[Start of Attachment]
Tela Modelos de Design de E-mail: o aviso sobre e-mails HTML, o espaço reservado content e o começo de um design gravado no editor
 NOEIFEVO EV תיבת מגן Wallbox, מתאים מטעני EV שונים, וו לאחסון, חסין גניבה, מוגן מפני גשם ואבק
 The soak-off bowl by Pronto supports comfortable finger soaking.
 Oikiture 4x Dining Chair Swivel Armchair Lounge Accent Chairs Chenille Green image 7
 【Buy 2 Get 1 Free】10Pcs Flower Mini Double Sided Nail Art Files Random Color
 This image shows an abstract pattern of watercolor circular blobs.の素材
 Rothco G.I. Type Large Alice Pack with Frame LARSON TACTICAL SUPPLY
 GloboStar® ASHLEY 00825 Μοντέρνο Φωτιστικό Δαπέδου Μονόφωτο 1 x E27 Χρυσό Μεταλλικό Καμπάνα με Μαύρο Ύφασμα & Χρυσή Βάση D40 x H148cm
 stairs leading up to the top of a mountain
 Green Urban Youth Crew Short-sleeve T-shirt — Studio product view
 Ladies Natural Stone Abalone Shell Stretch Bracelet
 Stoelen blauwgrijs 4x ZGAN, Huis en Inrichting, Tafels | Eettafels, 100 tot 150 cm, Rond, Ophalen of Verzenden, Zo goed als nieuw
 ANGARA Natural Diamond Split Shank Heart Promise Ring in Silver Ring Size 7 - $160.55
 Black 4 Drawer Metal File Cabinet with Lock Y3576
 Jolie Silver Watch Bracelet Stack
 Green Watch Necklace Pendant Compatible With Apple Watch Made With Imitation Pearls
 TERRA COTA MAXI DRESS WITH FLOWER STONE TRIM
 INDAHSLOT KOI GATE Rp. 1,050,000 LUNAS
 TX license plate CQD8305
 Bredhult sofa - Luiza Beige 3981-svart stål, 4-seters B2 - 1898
[End of Attachment]
EXERCISE DETAILS:
Your answer should consist only of the lines above between the line holding "ANGARA Natural Diamond" and the line holding "Green Watch Necklace", inclusive, each transcribed exactly.

RESULT:
 ANGARA Natural Diamond Split Shank Heart Promise Ring in Silver Ring Size 7 - $160.55
 Black 4 Drawer Metal File Cabinet with Lock Y3576
 Jolie Silver Watch Bracelet Stack
 Green Watch Necklace Pendant Compatible With Apple Watch Made With Imitation Pearls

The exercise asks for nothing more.